M: In any field. But one thing that will never be able to be replaced is a human caregiver to a person, no matter what happens, no matter what types of algorithms advanced analytics AI that we apply in healthcare, being able to make clinical decisions, a human has to be a part of that no matter what, because AI will never be able to replace a person blaming eyes on you, you could have your data could say one thing but me assessing you visually, I don’t believe it will ever be able to be replaced so that for people generations past us, I say go into healthcare and be a direct clinical operator, someone that takes care of a patient. Also AI can’t provide medication. Yeah, can’t do surgery, I mean, in some capacities, but it won’t be able to transplant multiple organs at the same time. That is my advice for that. But for people now that want to go into operations, and healthcare and advanced analytics, it would be to get a background in biostatistics to get a background in programming, you know how to code and SQL and all these different things. Because then you can write programming that will query the datasets. So you’re able to quickly grab data, and then use that data into whatever models you want to put it in. And data modelling to that would be huge. I also recommend, you know, going down the journey of getting your what we call our Greenbelt, your yellow belt, your black belt, which is in process improvement. I’m a black belt. So I used to teach people their green belts, they use the different terminologies of belts, yeah, because it originated in Japan. And for some reason, that’s what they use. But I would highly recommend getting a certification in Lean Six Sigma and process improvement because the tools in the skill set you get from that and you learn, you can apply to any industry. That would be my advice for people pursuing health care operations.

L: What advice would you give to hospitals looking to leverage their data for better outcomes ?

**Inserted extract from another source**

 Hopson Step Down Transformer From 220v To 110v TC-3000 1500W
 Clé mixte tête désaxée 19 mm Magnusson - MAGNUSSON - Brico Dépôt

M:To invest in programmers that can build internal programs for your health system specifically, that will provide advanced artificial intelligence and helping you make decisions on what to change that day and in the future? No longer can we look at retrospective data, and historical data as a way of changing things. We have to look at what’s happening now. And that what’s going to happen in the future because, you know, nobody predicted COVID And we live in this world now where things are not predictable. So well not predictable to an extent. So we have to be proactive, and we have to be proactive with the money we spend with how we treat our patients. And again, you know how the world is changing so fast and what patients and their expectations of the healthcare they’re receiving. We have to look at all of that. So these are all massive opportunities that we have to stop thinking the old way. And we have to embrace change, change management, and that artificial intelligence and technology is here. And it’s going to be the way of the future. And how do we optimize that in our everyday operations, again, to provide the optimal patient experience better clinical outcomes for the patients, and essentially how to make money so that we can take care of more patients that don’t have the ability to pay for their care.

L: Honestly, I really enjoyed listening to you. Thank you so much for your time and sharing us all this important information.

M: No, thank you, and I appreciate your time and I hope the rest of your semester goes well with school.